Tous les concepts étaient des recommandations pour le développement futur d’un projet de nouveau siège du gouvernement. Dans l’année qui va suivre, un nouveau plan général va être développé pour ces lieux.

Avez-vous des plans particuliers pour le futur ? Vous étendre, vous concentrer sur un domaine particulier ? Continuer tel quel peut-être ?

Nous souhaiterions évoluer et mettre l’accent sur nos processus, et notre perception de l’architecture et du design comme d’excellents outils pour créer des sociétés meilleures. Dans cette optique, nous souhaiterions nous étendre au-delà de l’architecture, de l’urbanisme, du design d’intérieur et du design graphique vers de design industriel.

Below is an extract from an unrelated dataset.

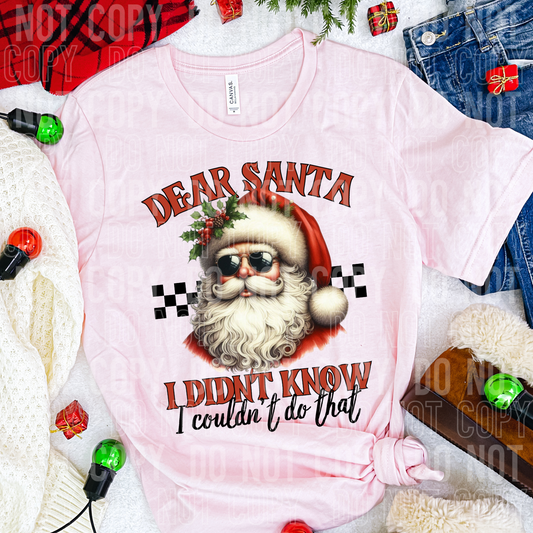 A shirt with dear santa I didn't know I couldn't do that surrounded by clothes and christmas decorations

Notre spécialisation est horizontale.

“Architecture can do whatever it wants to do and whatever we want to, if we have the right angle to look at it.” –  Kjetil Thorsen

(L’architecture peut faire tout ce qu’elle veut, et tout ce que l’on veut. Il suffit d’avoir le bon point de vue)

Au-delà de la simple conception de marques ou de bâtiments, Snøhetta réussi donc à prouver à chaque nouveau projet que l’architecture, loin d’être immobile, est, au contraire changeante et sait s’adapter aux circonstance. La firme a su conserver son organisation collaborative tout en devenant un mastodonte de l’architecture internationale. Ce travail et cette continuité ont été récompensés de nombreuses fois par les plus prestigieux prix architecturaux.

En ce qui concerne la France, un rendez-vous est fixé : 2017 qui, si les délais sont tenus, marquera l’inauguration du nouveau siège du groupe Le Monde.